Historic railway line through Leiston could be restored to become major tourist attraction
PUBLISHED: 19:00 08 February 2016
It's been more than 40 years since trains last ran to and from the engineering works in Leiston.
Today the route of the line can still be found, tucked away at the back of a pub and between houses, and occasional tell-tale signs still exist.
In one place there is a former rail crossing gate and a cast-iron post, while in the Engineers Arms’ car park a section of rails can be seen, and in another place setts in the road mark the track bed.
But now the rail line could be restored – and steam trains could be once again running along its length through the centre of the town.
The Leiston Works Railway (LWR) group has applied for planning permission to reinstate the line, which was abandoned in the late 1960s, to run between Buller Road and Main Street to connect with the award-winning Leiston Long Shop Museum, once the home to the foundries of Richard Garrett & Sons Limited.
Members of the LWR have been negotiating for some time to take over the land – some of which is in the Leiston conservation area – on which the track once stood.
Parts have been unused for decades and have become overgrown with vegetation, with some tipping of unwanted household items.
The remainder was incorporated into the garden and car park of the pub.
The group’s aim is to rebuild the line and to run railway vehicles drawn by horses or locomotives, including the historic steam shunting locomotive Sirapite, which was used on the railway from 1929 to 1962 and which has been restored to working order at the Long Shop.
The Sirapite would be able to pull a brake van, about to be restored by LWR members, allowing visitors to experience an industrial railway for themselves.
Hoopers Architects, for the LWR, said the scheme would include educational written, graphic and oral information for visitors.
The company said: “The essence of the proposal is to replicate the works railway as it appeared in the first half of the 20th Century and to run trains along it, initially on approximately 15 days a year as an educational heritage attraction.
“A single ballasted railway track of standard 4ft 8 ½in gauge and consisting of wooden sleepers and bullhead rail will be laid approximately centrally along the length of the site. There will be no earthworks, embankments, cuttings, bridges, viaducts or tunnels.”
Leiston town councillor Colin Ginger said: “It could be a big asset to the town and bring a lot of people here – families and children – to use the railway and really enjoy this attraction. That would be good for the economy of our town.”
Suffolk Coastal council will make the decision on the project – and at the same time has received a separate application from landowner and developer Seaprop Ltd for six homes on a former paddock and part of the pub garden at the rear of the Engineers Arms in Main Street.

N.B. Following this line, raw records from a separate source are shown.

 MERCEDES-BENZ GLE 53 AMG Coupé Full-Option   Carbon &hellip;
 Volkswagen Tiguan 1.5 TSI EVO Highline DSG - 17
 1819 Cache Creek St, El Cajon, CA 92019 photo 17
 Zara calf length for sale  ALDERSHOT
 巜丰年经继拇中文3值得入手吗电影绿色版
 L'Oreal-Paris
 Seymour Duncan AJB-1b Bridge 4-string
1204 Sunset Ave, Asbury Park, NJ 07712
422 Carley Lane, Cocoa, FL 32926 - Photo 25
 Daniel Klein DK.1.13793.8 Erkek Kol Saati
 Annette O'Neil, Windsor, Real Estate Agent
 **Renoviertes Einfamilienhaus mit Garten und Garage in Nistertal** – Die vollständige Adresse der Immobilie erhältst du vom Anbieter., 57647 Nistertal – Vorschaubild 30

Although the two plans are not connected, they are described as being “in tandem” because the railway runs through the site. The railway land is to be given to the restoration project free of charge and in good faith. However, the rail line will be very close to properties and on those days when it is in use alternative arrangements will have to be made for parking and road access to the homes.
With regard to the housing, Hoopers Architects said at a public consultation event, residents had been supportive of the plan and concerns voiced had been addressed.

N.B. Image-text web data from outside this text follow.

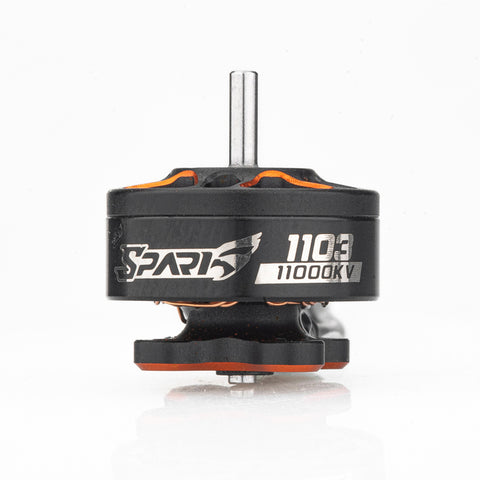 VCI Spark 1103 11000KV Motors (2pcs)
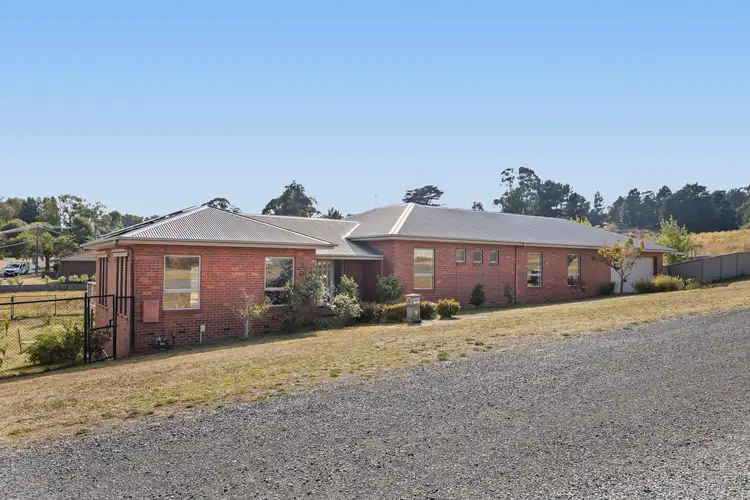 Third view of Homely house listing, 27a Heales Street, Mount Pleasant VIC 3350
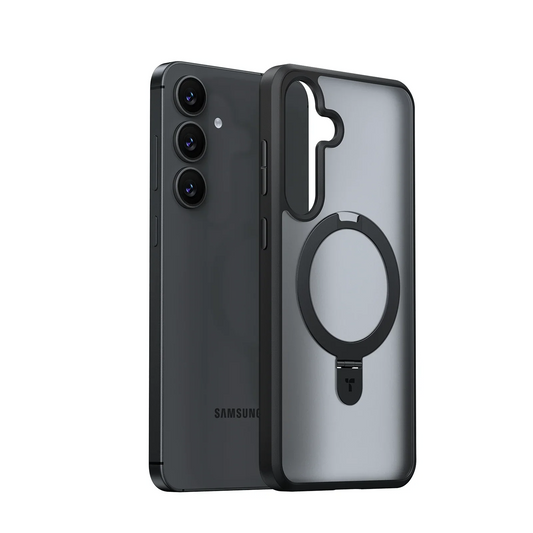 Ostand Q1 Guardian for Samsung S25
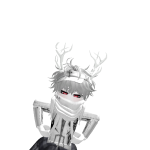 @x4QuixYaBot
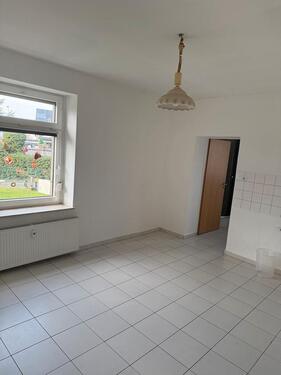 Foto - 2 Zimmer Etagenwohnung zur Miete in Unna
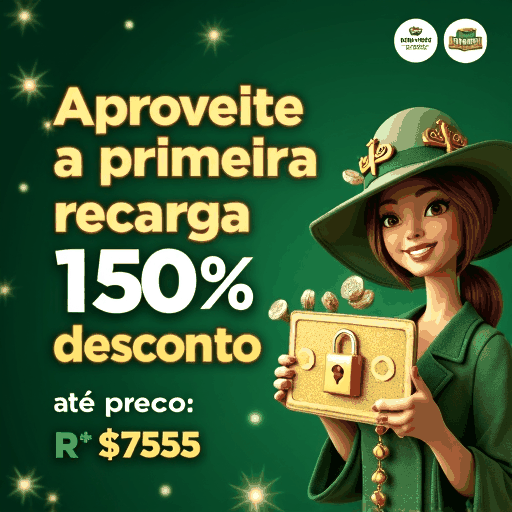bbgbet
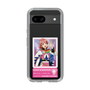スリムプロテクションケース［ KING OF PRISM - チケット/Dramatic PRISM.1 - 西園寺レオ ］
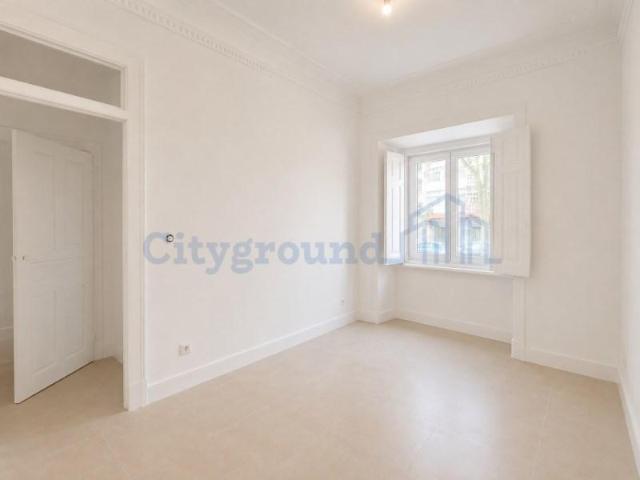 Apartamentos 2 quarto, Lisboa Lisboa ES102858567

The company said: “The site comprises previously developed land in the centre of Leiston, highlighted by the local plan as preferential for development. The council have highlighted a shortfall in housing, therefore the council should be considering housing proposals such as this favourably.”
Leiston Town Council, though, has recommended refusal of the homes, though it supports the rail project. The council felt “very strongly” it was “a complete over-development which would have been unacceptable even if it had not been in the middle of the town’s conservation area”, removing an important green space.

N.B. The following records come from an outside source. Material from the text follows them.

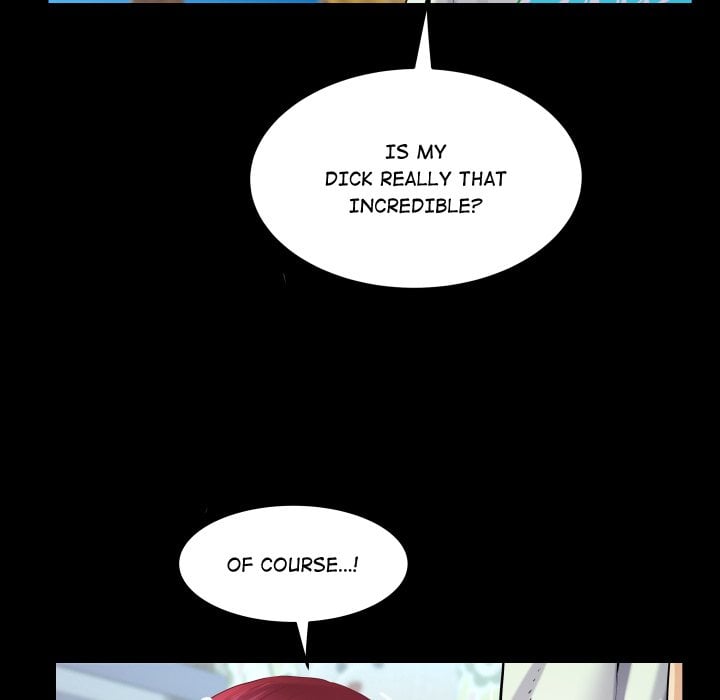 Single Room 53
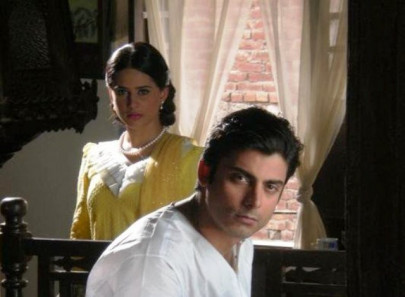 dastaan history on tv dastaan history on tv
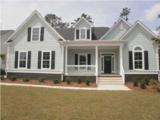 Listing photo for 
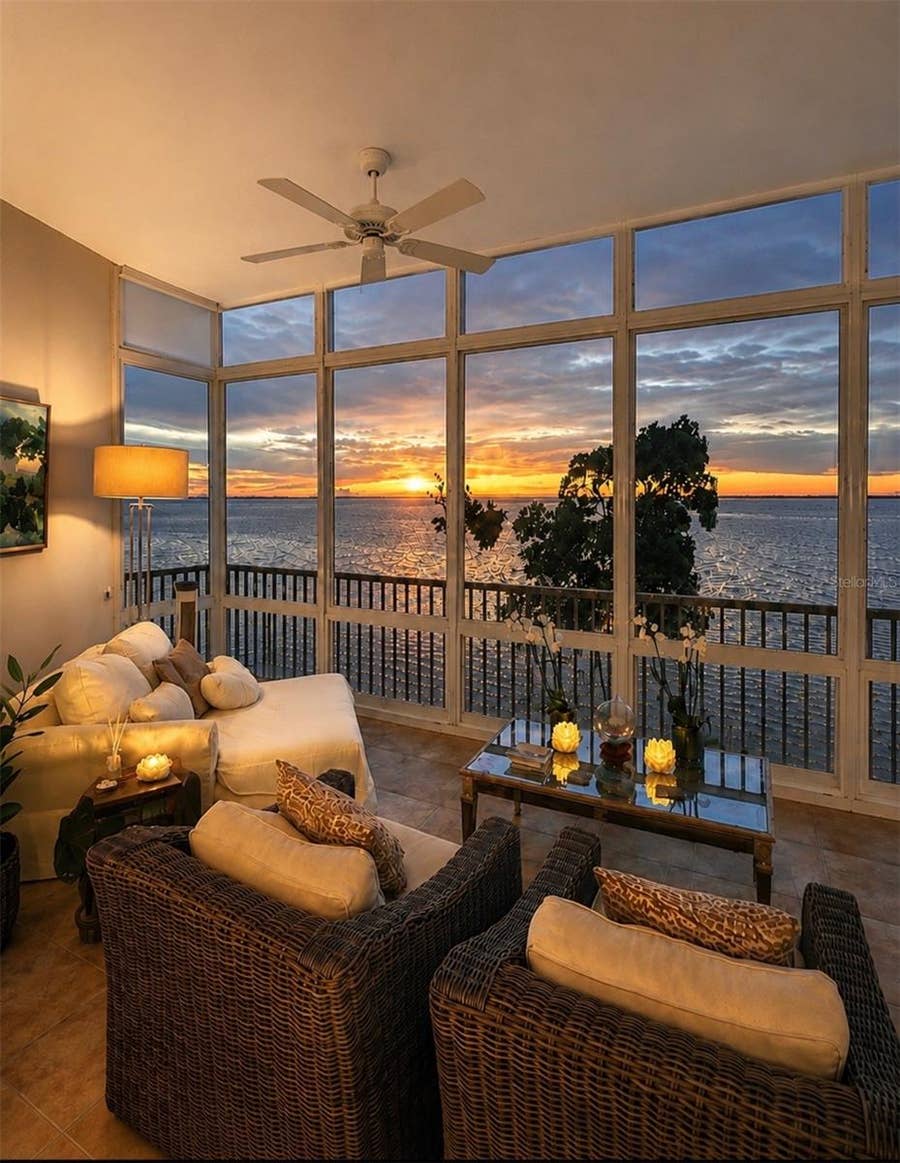 Property photo for 95 N MARION COURT, #135, Punta Gorda, FL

Mr Ginger said: “The two plans are closely connected although they are separate. I just hope it does not go belly-up for the railway project if the homes do not get permission.
“This is a conservation area and one of the houses is just about shaving the railway and another is so close to the pub people will be able to watch those in the house having breakfast. It is too much development.”
Councillor Susan Geater said: “I personally don’t think the homes will enhance the area and it will be a great shame to lose that open space at the back of the pub. There could be an access issue on event days, too.”
Leiston’s rich industrial heritage
The railway line from the Garrett works to the branch line that ran between Leiston and Saxmundham was in use for more than a century.
Built in 1859, the private standard gauge railway line was constructed by Richard Garrett and Son as an expansion of its business – enabling raw materials and finished products to be transported between the company’s two sites and the main railway network.
Suffolk Punch horses pulled the wagon until they were replaced in 1929 by the steam shunting engine Sirapite.
Garretts’ engineering works had existed in the town since 1778, finally closing in 1981, when the remaining part of the Town Works site was turned into the highly successful Long Shop Museum.
The museum’s collections tell the story of the Garrett family, its draftsmen, engineers and craftsmen who designed and made a huge range of engines, tools, vehicles and machines.